A côté de Poliakoff, le MAM (Musée d'Art Moderne) de la ville de Paris expose un peintre chinois : Zeng Fanzhi. Une exposition rétrospective que l'on est contraint de parcourir à rebours, c'est-à-dire des oeuvres les plus récentes aux plus anciennes, avant de faire le parcours en sens contraire, des débuts du peintre dans les années 90 jusqu'à maintenant. Deux passages pour s'imprégner de l'atmosphère de ces tableaux, à la fois étranges et fascinants.
Sa représentation de la Cène, sujet par excellence de la peinture religieuse occidentale ne reprend que la disposition des figures derrière la table. Tout le reste, les panneaux sur les murs, les foulards rouges des pionniers, est chinois, mais les masques et les pastèques sont apparemment des fantasmes propres à Zeng Fanzhi.
Il y a d'ailleurs dans ces pastèques, quelque chose d'inquiétant et de sanglant, comme les traces sur le visage de l'homme à l'imperméable rouge représenté ici en buste.
Mais les tableaux les plus fascinants sont peut-être ceux de la dernière salle, c'est-à-dire les plus récents. Moins narratifs bien que figuratifs, ils acquierent je ne sais comment une certaine profondeur.
Derrière l'entralacs de branches et de ronces parfois un lièvre - représenté avec la plus extrême minutie - est saisi. Prisonnier peut-être ou simplement immobile dans un autre monde, rendu inaccessible par la barrière végétale.

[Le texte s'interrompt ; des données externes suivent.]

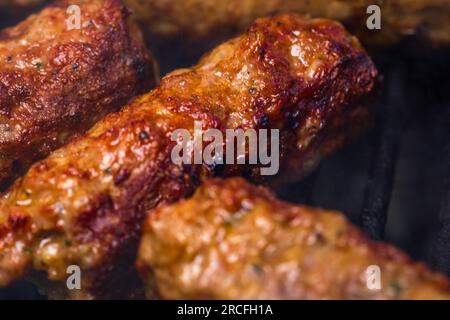 Traditionelle rumänischen Fleischbällchen "mici" auf dem Grill. Schmackhafte Fleischbällchen auf dem Grill, Schweinefleisch auf Holzkohlengrill Stockfoto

Dans les tableaux de Zeng Fanzhi, chacun peut projeter son histoire, la sienne ou celle de la Chine.
Dans le hall du musée, est accroché le tableau le plus récent, celui qui a été réalisé en juillet 2013, un triptyque en réalité. Une vidéo montre les étapes de l'exécution du tableau depuis le premier trait de peinture sur les toiles encore vierge, jusqu'à l'état final. Projections, dripping, traits au pinceau, à main levé... le travail a l'air spontané, improvisé, mais la pensée malgré tout commande le geste. Sinon pourquoi aurait-il commencé par mettre du jaune, comme un feu derrière un roncier.
L'oeuvre achevée, plusieurs lectures sont possibles et libre à chacun de voir dans ce flamboiement au milieu des ténèbres, un incendie qui fait rage, une tragédie inexorable ou au contraire une lumière pour sortir de la nuit.